• _Problem_: For this exercise, write out the whole listing below exactly, omitting its images.

• _Supplied information_:
▼
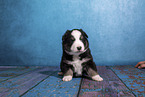 Miniature Australian Shepherd puppy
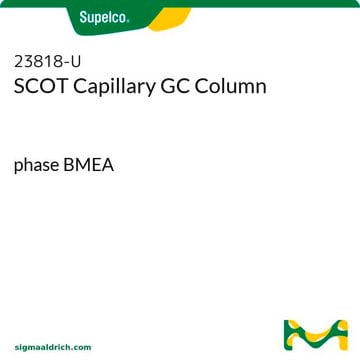 Colonne capillaire SCOT pour GC phase BMEA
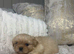 Imperial Shih Tzu Puppies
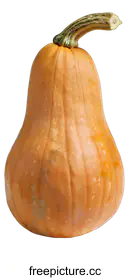 gourd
▲
• _Problem solution_:
 Miniature Australian Shepherd puppy
 Colonne capillaire SCOT pour GC phase BMEA
 Imperial Shih Tzu Puppies
 gourd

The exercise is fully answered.